I’d like to import a webpage into the View/Edit pane, but I’m not sure how to do it. I drag the icon for the webpage into the View/Edit pane, but all that shows up is the icon itself, not the page. How do I make the actual page show up there?

When you drag a URL into DT, you create a “bookmark” of the web page, which contains zero bytes of text. Selecting that bookmark will open the web page in the DT browser window.

That can be a very useful feature. I’ve created a Bookmarks group, with a number of subgroups such as Scientific Journals, EPA, News, etc.

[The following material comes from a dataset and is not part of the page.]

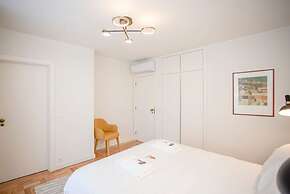 Liiiving in Porto - Design Bright House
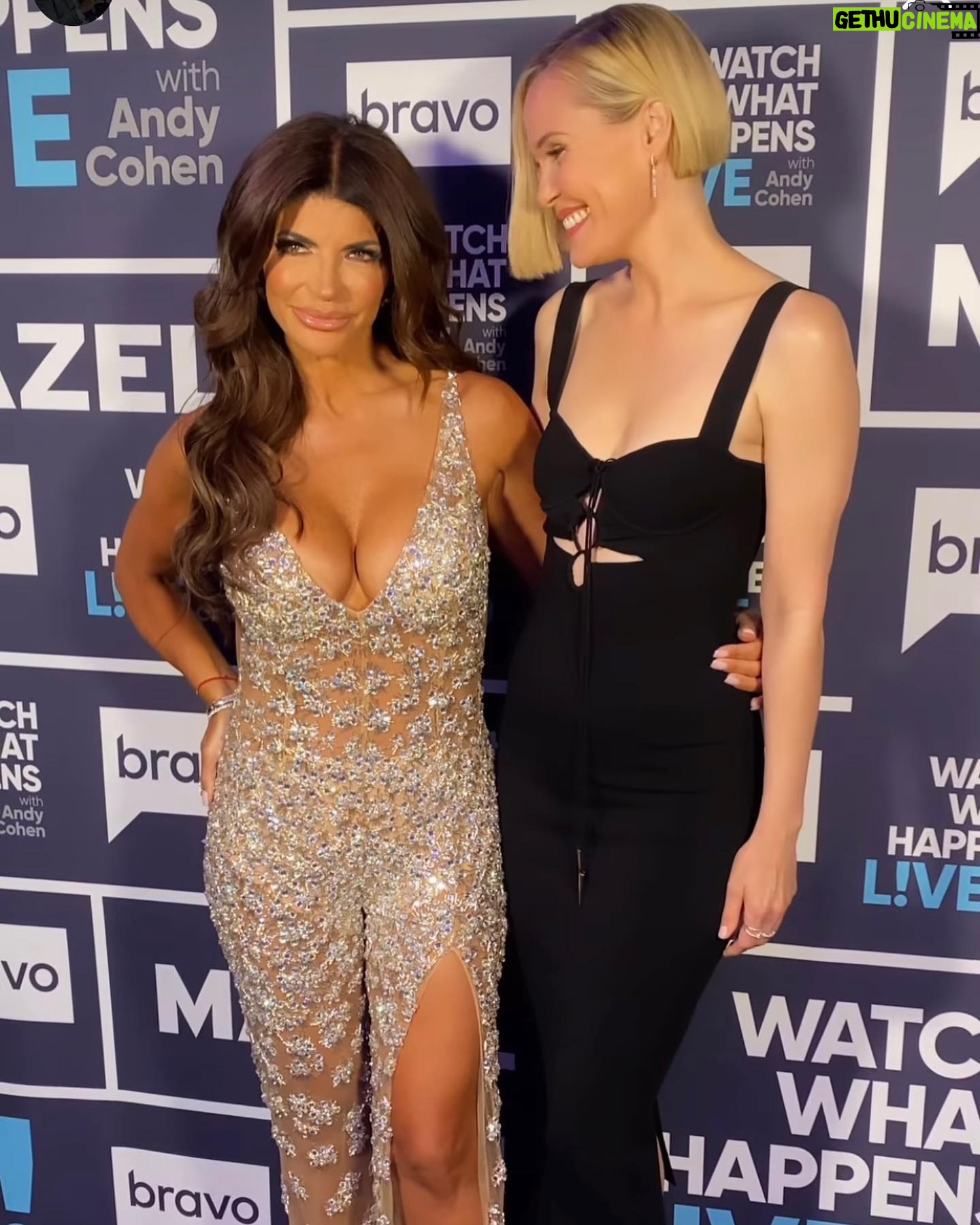 Leslie Bibb Instagram - watch what happens...when you put me in the same room @bravowwhl with @teresagiudice and @bravoandy...thank you teresa for being so kind and generous, thank you andy for having me and talking @aboutmyfather...i woke up smiling...xolb *tap for some creds*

That allows me to build a bookmarks collection of the web sites that I routinely visit.

Now, how to download information from the Internet using these bookmarks?

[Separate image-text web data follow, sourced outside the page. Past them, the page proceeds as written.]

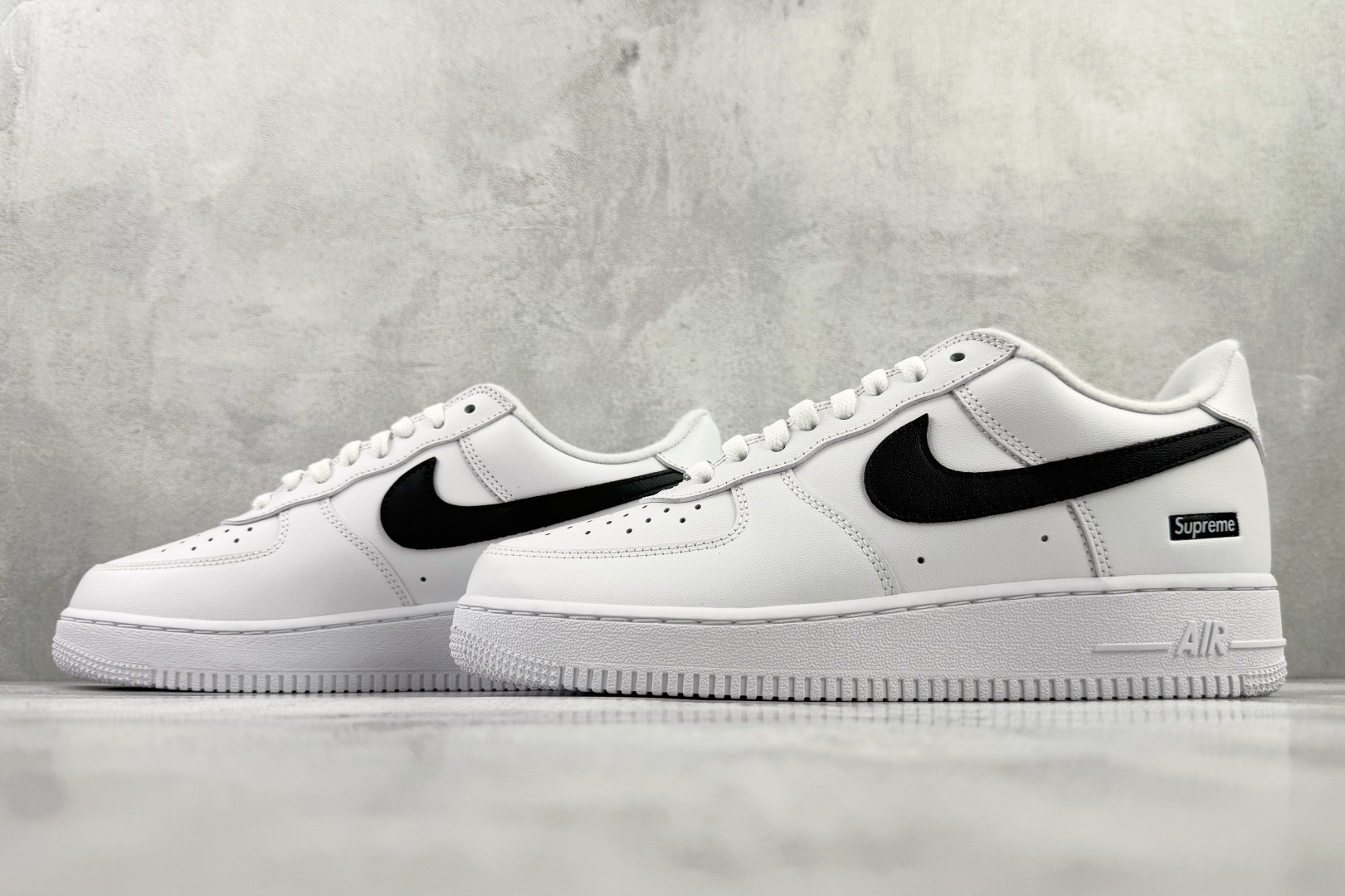 耐克Supreme x Nike Air Force 1 Low SP纯原版本Supreme联名AF1空军一号白黑勾低帮运动板鞋 莆田耐克代理 货号：CU9225-102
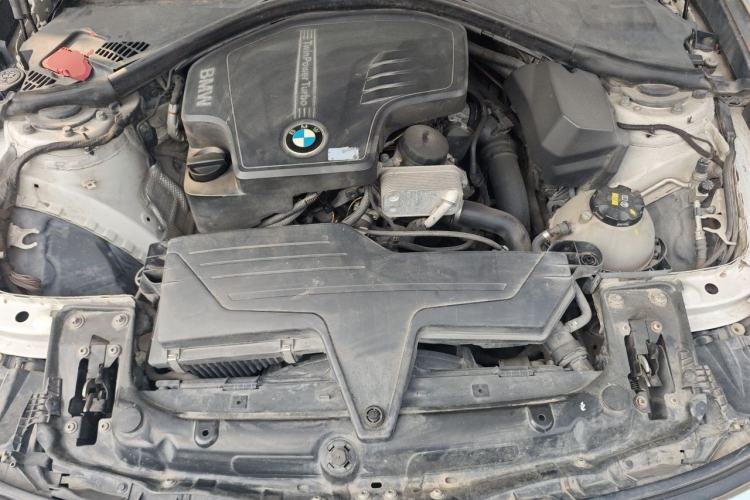 Used BMW 3 Series GT 2014 320i Design Package Model Engine Bay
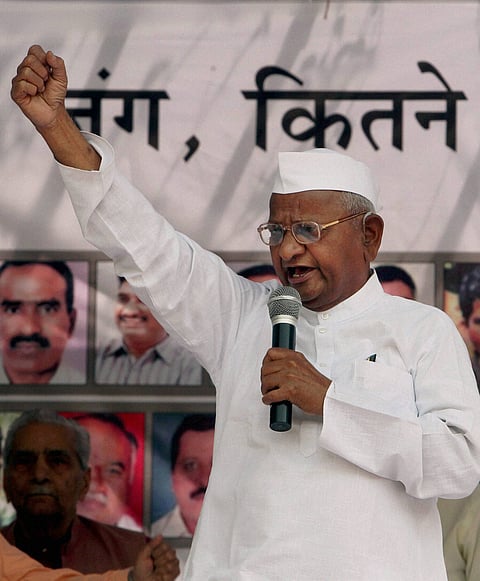 Hazare threatens fast-unto-death from Sunday on Lokpal issue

With a web page open, DT provides contextual menu options to perform captures as Note Captures of selected text, as HTML source (without images) or as a Web Archive (including images viewable offline). Alternatively, you may use (in Safari, DEVONagent or DT/DT Pro) Services > DEVONthink or DEVONthink Pro > Take Rich Note for capturing selected text/images – the keyboard shortcut is “Command-)”.

Note: I do 99+% of information captures as Note Captures, selecting only the text and images that I want to include in my database. Many – if not most – web pages contain extraneous material such as advertisements that I don’t want to download. Many sites, such as the New York Times online site, offer a printable version that eliminates unwanted material.

Note: DEVONthink Pro also provides scripts for various modes of capture of pages from Safari. There’s also a script for ‘printing’ any printable document – including web pages from any browser – as a PDF import to the database. Unfortunately, PDF captures don’t retain hyperlinks in web pages.

Thanks, Bill. I actually just figured out how to do exactly what I’m looking for: drag the icon for the web page into the Documents pane.

The name of the web page shows up in the Documents pane, and the actual webpage shows up in the Edit/View pane.

If by “icon” you mean the URL, you have created a bookmark in the database. Display the Info panel for that selected item (Shift-Command-I). You will see that a bookmark contains no text, and is not searchable for content. To import searchable text, you would have to capture it using one of the procedures in my first post above.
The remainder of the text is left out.